As a general rule, US law does not apply outside the territorial jurisdiction of the United States. A recent decision by the Second Circuit Court of Appeals (Liu Meng-Lin v. Siemens AG) provides a helpful illustration. As a reminder, the Second Circuit Court of Appeals is a federal appellate court that decides appeals from Connecticut, New York, and Vermont district courts. The Second Circuit is particularly influential with respect to securities laws because it hears cases on appeal from New York, including the federal court in Manhattan.
After the 2008 financial crisis Congress passed a law called the Dodd-Frank Act. Among many other things, the Dodd-Frank Act provides protection for whistleblowers - - persons who report securities law violations by their companies. The Dodd-Frank Act prohibits companies from retaliating against employees who report certain types of violations of US law.
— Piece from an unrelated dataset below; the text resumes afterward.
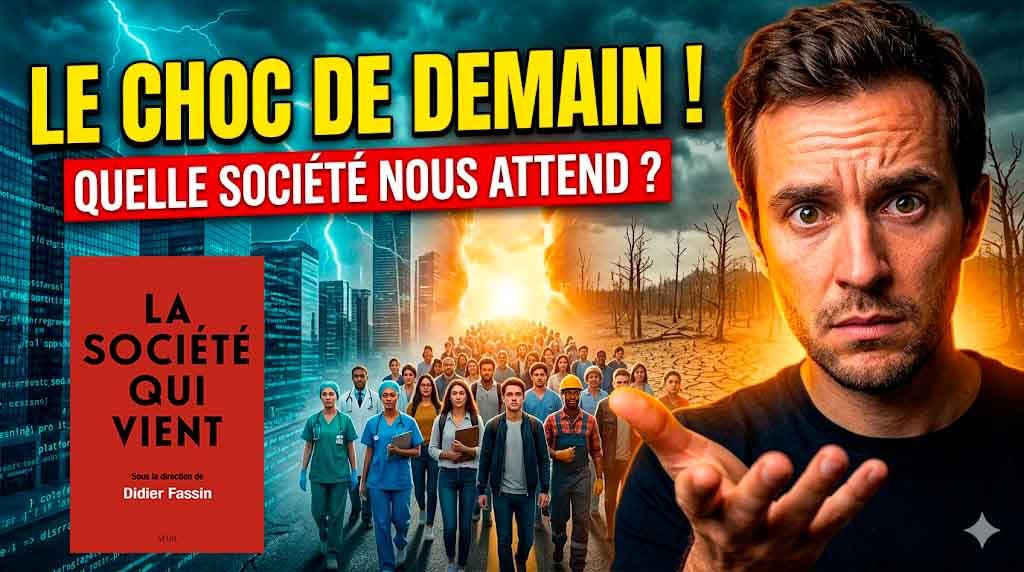 La société qui vient🌍 « La Société qui vient » de Didier Fassin : résumé et analyse des crises de notre temps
The plaintiff in this case sued his former employer, arguing that the company illegally fired him after he internally reported corrupt practices by the company. He complained that by firing him, the company violated the Dodd-Frank Act's protection for whistleblowers.
But the district court dismissed his case and the Second Circuit affirmed the district court's decision. Why? The plaintiff was a foreigner (non-US citizen) working for a foreign company and all of the conduct at issue in the case occurred overseas. Specifically:
- The foreign company's allegedly corrupt activity occurred outside the United States (in North Korea and China).
- The plaintiff reported the activity overseas.
- The allegedly illegal retaliation occurred overseas.
According to the Second Circuit, the only connection to the United States was that the foreign company was listed on the New York Stock Exchange. The Second Circuit, citing recent Supreme Court decisions, explained that because Congress did not clearly intend whistleblower protection laws to apply extraterritorially, the plaintiff's case must be dismissed.